Supplied data:
============================================================
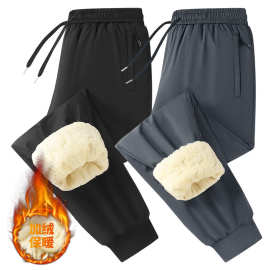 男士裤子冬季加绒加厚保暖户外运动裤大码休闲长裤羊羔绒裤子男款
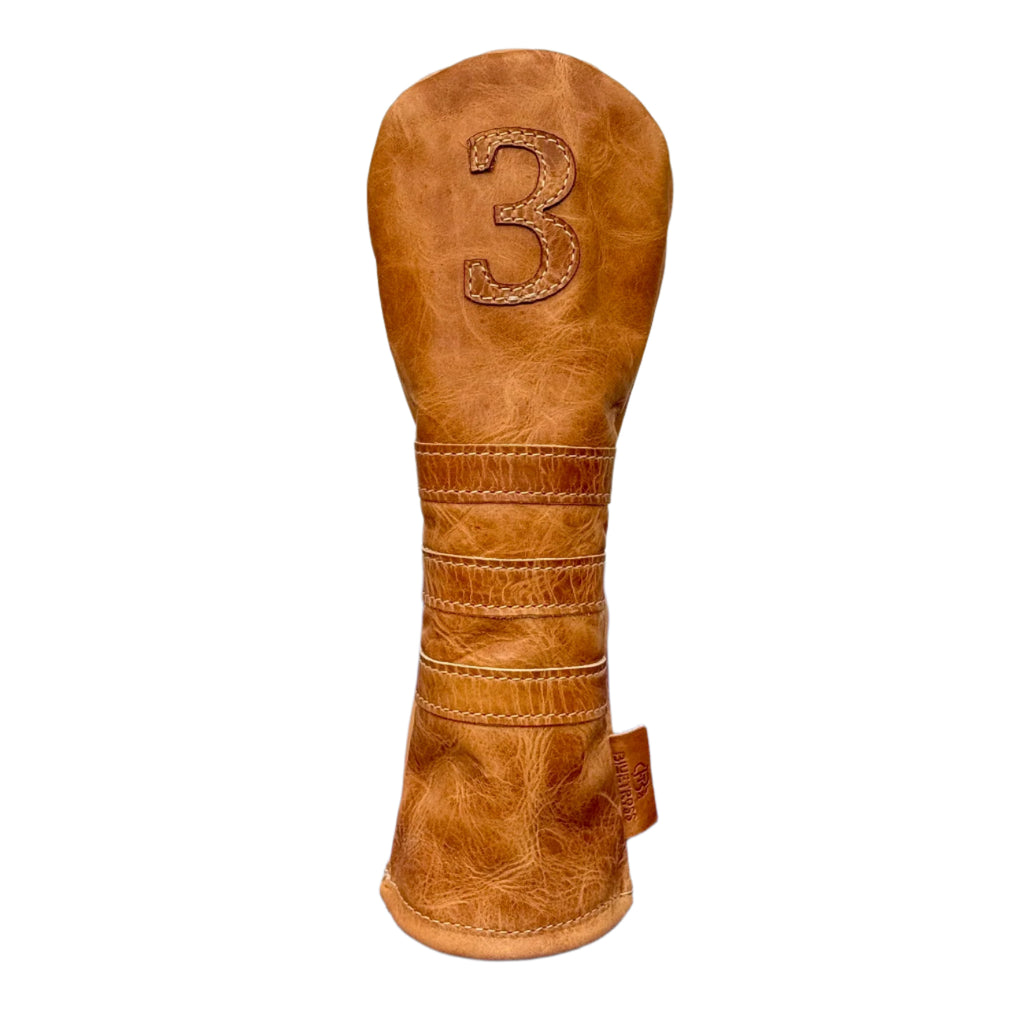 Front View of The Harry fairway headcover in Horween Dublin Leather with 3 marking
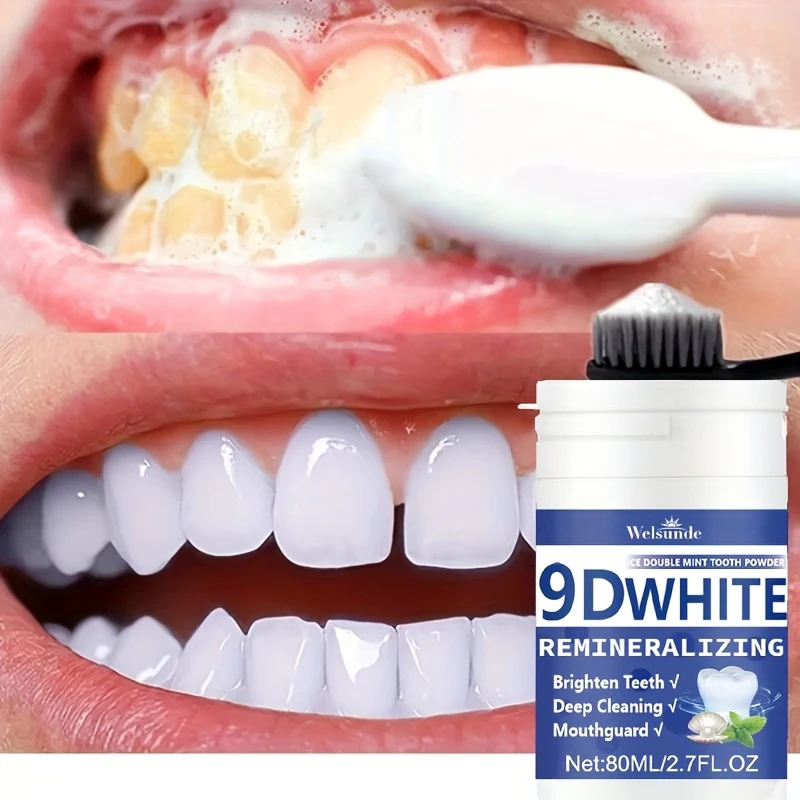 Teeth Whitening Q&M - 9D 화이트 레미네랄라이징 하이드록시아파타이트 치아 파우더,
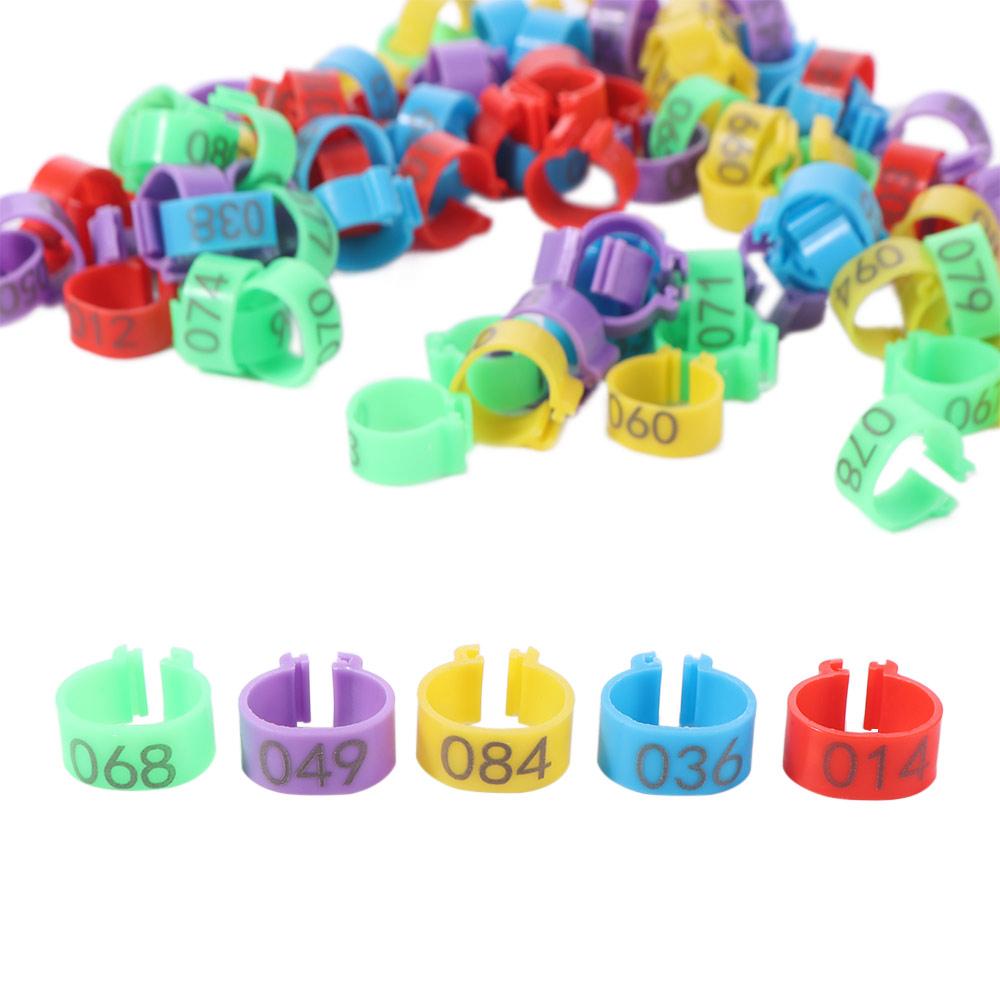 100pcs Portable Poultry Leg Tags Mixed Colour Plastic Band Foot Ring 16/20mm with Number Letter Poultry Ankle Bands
============================================================
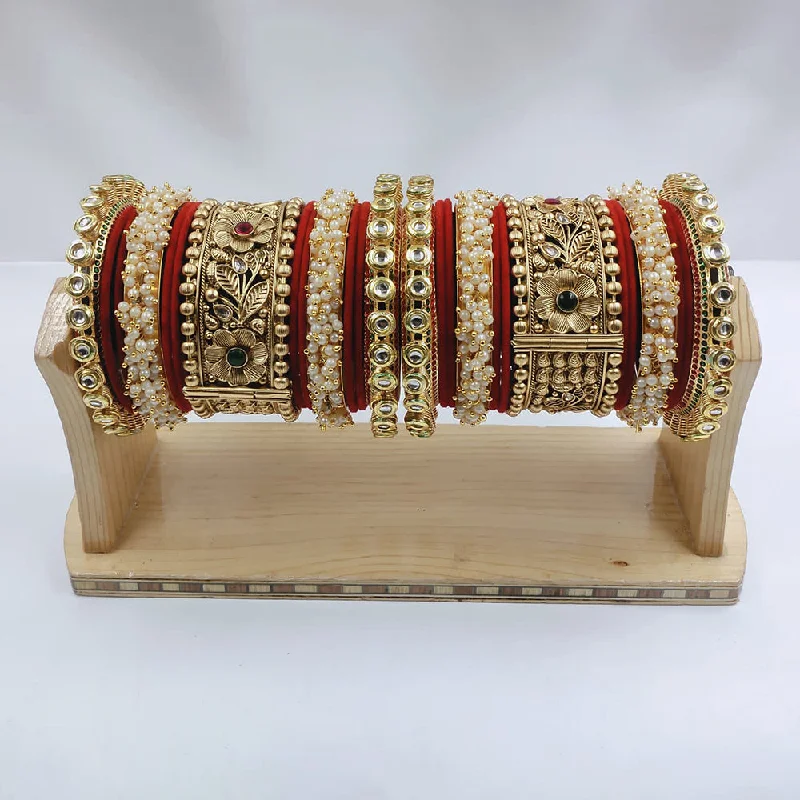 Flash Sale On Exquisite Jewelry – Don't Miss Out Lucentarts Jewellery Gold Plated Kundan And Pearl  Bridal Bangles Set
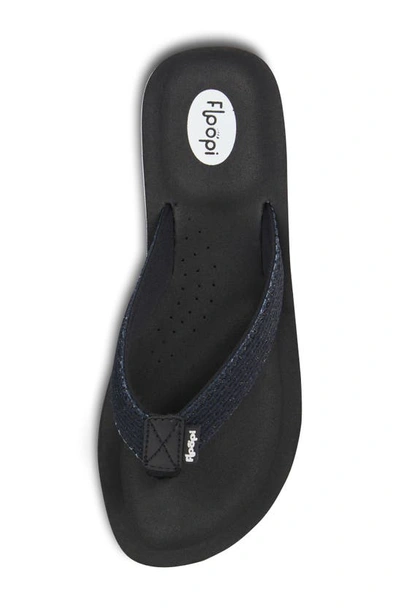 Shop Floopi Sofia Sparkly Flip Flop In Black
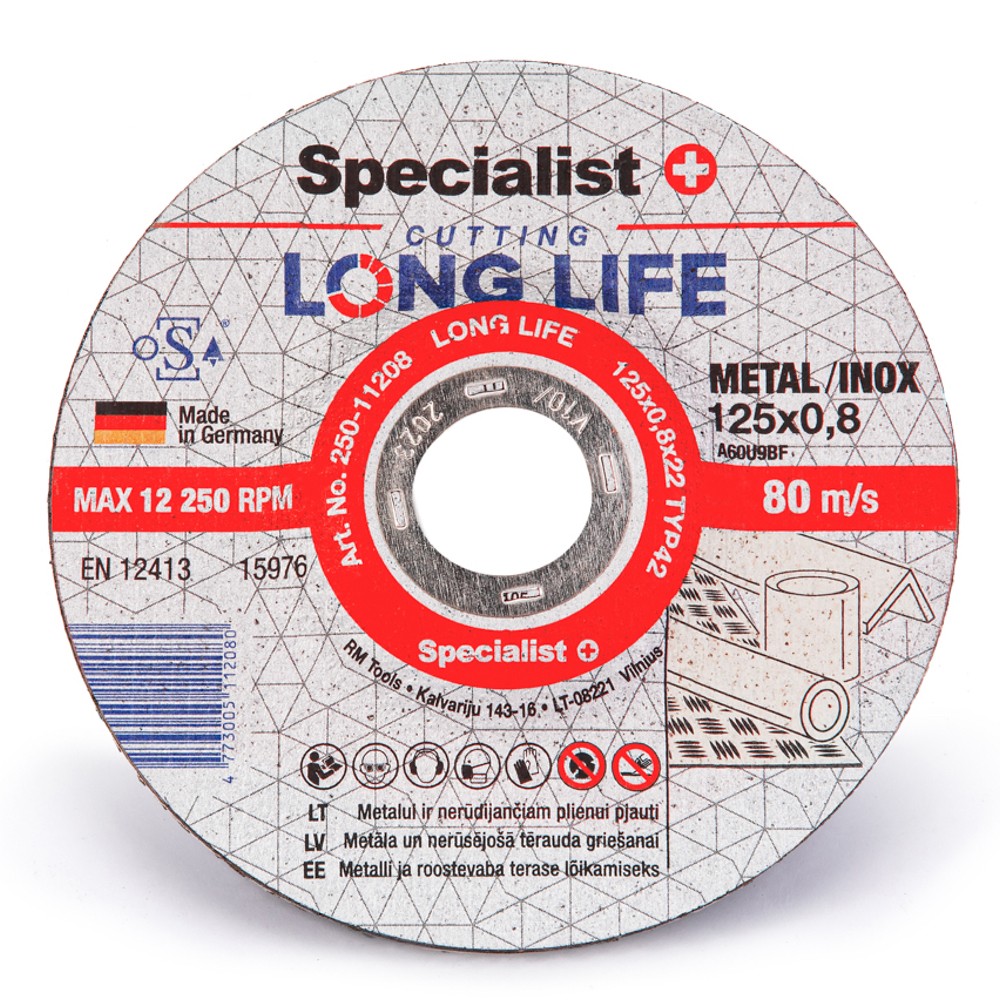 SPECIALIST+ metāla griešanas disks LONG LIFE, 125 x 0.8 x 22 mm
============================================================
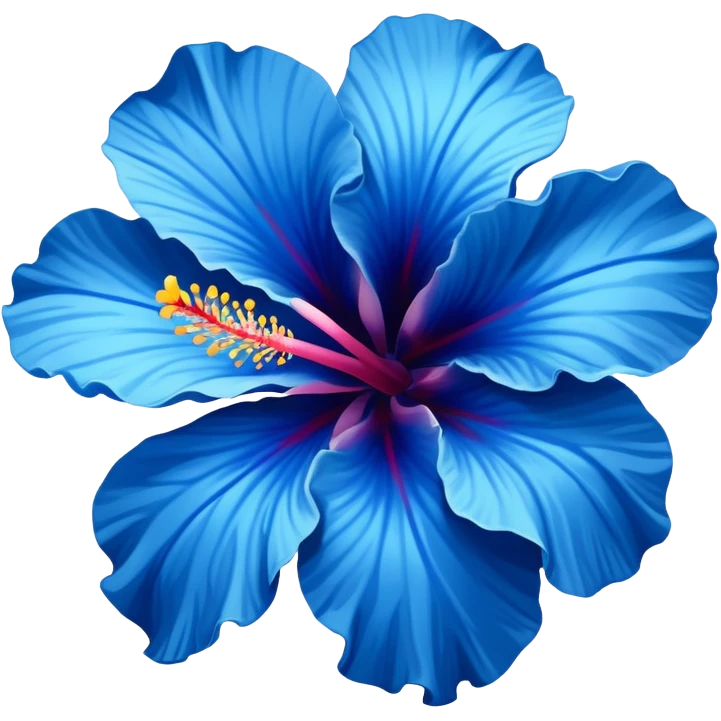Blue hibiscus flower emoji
============================================================
What is required:
Beginning with the line holding "Front View of" in the material above, restate word for word each line through the line holding "100pcs Portable Poultry", and exclude pictures.

Final answer:
 Front View of The Harry fairway headcover in Horween Dublin Leather with 3 marking
 Teeth Whitening Q&M - 9D 화이트 레미네랄라이징 하이드록시아파타이트 치아 파우더,
 100pcs Portable Poultry Leg Tags Mixed Colour Plastic Band Foot Ring 16/20mm with Number Letter Poultry Ankle Bands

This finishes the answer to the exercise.